(Data records)
---

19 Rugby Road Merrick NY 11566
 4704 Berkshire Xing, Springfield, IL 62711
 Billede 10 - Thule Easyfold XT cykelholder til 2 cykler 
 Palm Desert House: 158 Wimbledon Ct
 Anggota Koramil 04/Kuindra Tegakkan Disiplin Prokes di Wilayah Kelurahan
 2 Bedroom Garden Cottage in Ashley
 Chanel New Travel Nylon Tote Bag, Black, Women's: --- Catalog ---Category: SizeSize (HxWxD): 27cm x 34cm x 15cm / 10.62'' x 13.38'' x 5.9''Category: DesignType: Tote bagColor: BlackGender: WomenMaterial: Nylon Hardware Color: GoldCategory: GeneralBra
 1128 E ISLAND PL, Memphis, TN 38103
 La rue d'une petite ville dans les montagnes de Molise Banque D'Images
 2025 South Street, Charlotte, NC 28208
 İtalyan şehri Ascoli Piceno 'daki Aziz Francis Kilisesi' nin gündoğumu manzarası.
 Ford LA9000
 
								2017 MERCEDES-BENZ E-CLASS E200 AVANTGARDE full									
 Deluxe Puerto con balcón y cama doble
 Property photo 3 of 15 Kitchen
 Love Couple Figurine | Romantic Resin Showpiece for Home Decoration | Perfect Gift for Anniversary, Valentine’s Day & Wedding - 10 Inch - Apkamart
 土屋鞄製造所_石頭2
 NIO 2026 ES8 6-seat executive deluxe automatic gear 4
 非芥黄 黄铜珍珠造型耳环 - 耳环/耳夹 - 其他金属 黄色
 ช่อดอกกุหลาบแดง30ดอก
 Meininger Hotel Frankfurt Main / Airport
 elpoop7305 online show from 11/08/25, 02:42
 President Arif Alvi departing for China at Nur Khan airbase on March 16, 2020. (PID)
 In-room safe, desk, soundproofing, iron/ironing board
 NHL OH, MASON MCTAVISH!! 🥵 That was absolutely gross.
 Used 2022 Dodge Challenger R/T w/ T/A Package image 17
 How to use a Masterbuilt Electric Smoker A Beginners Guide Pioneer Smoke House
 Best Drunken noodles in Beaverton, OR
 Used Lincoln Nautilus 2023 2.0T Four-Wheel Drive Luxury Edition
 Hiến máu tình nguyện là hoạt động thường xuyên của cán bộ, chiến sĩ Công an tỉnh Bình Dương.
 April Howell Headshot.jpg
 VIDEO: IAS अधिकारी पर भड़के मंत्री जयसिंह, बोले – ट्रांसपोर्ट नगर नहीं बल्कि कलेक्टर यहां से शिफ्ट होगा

---

__TASK TO CARRY OUT__: What is the number of lines in the entries above that hold the string "Used"? Please state that number alone.

__OUTPUT OF THE EXERCISE__: 2